A Francisco el Reino de Bahrein le ha acogido con el muy solemne e impresionante ceremonial que reserva a sus huéspedes más ilustres: despliegue de tropas, bandas de música, niños con banderitas, salvas de cañón y unos escenarios que reflejan con su riqueza el poderío de este pequeño país que nada en la abundancia.
El Palacio Real de Shakir, reconstruido en los años noventa, en todo su esplendor ha sido el escenario donde el Papa y el Monarca han mantenido una conversación privada a la que ha seguido la presentación de las respectivas comitivas. Por parte del Rey han participado el príncipe heredero y primer ministro, otros tres hijos y un nieto. A Jorge Mario Bergoglio le acompañan en este viaje los cardenales Parolin, Tagle, Sandri, Ayuso, Koch y el sustituto de la Secretaría de Estado, Edgar Peña Parra, y el secretario para las Relaciones con los Estados, Paul R. Gallagher.
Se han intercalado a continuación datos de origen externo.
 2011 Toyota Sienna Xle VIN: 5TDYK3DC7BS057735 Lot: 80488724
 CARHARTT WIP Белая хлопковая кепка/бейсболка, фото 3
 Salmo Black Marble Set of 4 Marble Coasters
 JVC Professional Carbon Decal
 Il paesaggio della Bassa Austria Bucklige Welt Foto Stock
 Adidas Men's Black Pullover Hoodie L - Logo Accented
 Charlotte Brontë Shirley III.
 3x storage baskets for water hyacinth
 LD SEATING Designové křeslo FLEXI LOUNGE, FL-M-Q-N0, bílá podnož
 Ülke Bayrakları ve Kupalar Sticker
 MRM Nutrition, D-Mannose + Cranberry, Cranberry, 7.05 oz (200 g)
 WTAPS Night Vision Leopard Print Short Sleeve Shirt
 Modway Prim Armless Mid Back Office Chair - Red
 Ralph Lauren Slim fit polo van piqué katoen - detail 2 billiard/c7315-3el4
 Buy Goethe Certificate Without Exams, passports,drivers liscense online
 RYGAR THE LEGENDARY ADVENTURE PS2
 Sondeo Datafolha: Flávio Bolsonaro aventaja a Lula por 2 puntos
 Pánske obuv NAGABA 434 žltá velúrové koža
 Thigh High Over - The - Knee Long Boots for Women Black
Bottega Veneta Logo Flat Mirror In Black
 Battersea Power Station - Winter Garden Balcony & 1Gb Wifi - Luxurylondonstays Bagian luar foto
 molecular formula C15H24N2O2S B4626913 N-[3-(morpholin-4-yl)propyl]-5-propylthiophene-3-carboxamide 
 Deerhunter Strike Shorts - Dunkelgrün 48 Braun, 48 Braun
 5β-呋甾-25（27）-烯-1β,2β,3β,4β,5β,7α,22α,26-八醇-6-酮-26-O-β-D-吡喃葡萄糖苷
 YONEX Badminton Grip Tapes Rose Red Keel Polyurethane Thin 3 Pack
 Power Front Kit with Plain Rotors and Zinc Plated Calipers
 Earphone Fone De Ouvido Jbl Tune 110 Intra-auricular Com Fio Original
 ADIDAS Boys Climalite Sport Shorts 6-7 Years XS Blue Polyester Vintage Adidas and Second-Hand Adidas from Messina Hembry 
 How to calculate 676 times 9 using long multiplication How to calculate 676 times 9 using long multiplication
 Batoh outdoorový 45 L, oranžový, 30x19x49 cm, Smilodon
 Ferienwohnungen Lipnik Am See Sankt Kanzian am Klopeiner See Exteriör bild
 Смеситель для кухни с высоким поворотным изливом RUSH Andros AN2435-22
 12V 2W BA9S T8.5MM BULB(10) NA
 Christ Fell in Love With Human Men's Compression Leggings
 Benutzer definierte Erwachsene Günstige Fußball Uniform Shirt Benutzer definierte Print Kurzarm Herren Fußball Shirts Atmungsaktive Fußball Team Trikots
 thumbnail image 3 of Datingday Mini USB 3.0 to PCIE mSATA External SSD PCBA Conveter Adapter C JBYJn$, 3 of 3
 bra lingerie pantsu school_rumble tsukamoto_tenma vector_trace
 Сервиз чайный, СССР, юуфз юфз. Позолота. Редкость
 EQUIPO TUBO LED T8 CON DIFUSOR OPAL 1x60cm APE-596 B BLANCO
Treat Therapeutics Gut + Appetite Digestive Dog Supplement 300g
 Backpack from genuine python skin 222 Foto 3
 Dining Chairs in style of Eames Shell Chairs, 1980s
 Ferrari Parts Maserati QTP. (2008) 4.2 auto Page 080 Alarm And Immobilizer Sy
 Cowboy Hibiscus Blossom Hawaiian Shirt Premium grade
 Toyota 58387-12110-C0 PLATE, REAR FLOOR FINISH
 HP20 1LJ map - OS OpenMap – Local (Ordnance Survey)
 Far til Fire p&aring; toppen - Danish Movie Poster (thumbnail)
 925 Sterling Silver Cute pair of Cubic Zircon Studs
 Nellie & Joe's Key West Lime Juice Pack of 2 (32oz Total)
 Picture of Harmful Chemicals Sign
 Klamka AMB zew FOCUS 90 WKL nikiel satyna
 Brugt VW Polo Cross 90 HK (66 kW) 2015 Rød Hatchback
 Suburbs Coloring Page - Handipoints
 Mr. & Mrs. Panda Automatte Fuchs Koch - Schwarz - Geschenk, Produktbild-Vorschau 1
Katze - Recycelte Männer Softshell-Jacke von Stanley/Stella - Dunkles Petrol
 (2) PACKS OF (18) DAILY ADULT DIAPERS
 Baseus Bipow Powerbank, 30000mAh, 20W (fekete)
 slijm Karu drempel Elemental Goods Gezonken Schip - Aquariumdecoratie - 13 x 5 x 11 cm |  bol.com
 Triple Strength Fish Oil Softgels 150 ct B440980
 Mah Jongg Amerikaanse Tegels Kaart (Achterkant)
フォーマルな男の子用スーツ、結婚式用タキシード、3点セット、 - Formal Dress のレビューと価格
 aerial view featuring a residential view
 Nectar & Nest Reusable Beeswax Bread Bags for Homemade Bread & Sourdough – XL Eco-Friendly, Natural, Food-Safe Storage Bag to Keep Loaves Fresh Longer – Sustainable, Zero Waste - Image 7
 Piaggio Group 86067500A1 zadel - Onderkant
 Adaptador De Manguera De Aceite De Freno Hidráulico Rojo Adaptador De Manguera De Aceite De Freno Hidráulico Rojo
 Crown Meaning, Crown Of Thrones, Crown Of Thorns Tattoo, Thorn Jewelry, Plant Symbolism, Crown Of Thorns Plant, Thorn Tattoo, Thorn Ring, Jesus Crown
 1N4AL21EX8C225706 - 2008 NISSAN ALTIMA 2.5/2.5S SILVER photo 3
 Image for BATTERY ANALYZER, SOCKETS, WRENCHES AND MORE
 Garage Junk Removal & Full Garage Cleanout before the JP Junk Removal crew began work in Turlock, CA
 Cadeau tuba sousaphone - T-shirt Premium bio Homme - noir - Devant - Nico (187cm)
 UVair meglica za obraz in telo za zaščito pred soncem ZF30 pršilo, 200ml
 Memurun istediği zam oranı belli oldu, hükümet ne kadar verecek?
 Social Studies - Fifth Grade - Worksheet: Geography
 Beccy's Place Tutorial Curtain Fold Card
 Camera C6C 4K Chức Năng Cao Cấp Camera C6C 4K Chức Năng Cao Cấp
El Rey Hamad bin Isa ha pronunciado un clásico discurso en el que ha presentado a Bahrein como “un país de tolerancia, convivencia y paz”, donde durante siglos se ha desarrollado “un clima abierto y tolerante que abrazó a diversas culturas y religiones con amor y acogida”, e invitó al Papa a conocer esta su “tierra de convivencia entre los seguidores de las diversas religiones donde todos, bajo nuestra protección y la de Allah, disfrutan de la libertad de ejercer su propio credo y construir sus lugares de culto en una clima de amistad, sintonía y reconocimiento recíproco”. Y a este propósito recordó la Declaración del Reino de Bahrein, lanzada hace algunos años, como “un documento que invoca la diversidad y rechaza la discriminación religiosa y condena la violencia y la incitación a la violencia”.
Naturalmente no hizo la más mínima alusión al conflicto latente entre las dos ramas de la religión musulmana: la sunita (a la que pertenecen la familia real y los estamentos más influyentes de la sociedad) y la chiita, acusada de connivencia con Irán y que después de las manifestaciones posteriores al estallido de las “primaveras árabes” fue duramente reprimida. Situación en la parece que se progresa a una mitigación pero en la que todavía 27 personas corren el riesgo de sufrir la pena capital y otras muchas viven bajo barrotes.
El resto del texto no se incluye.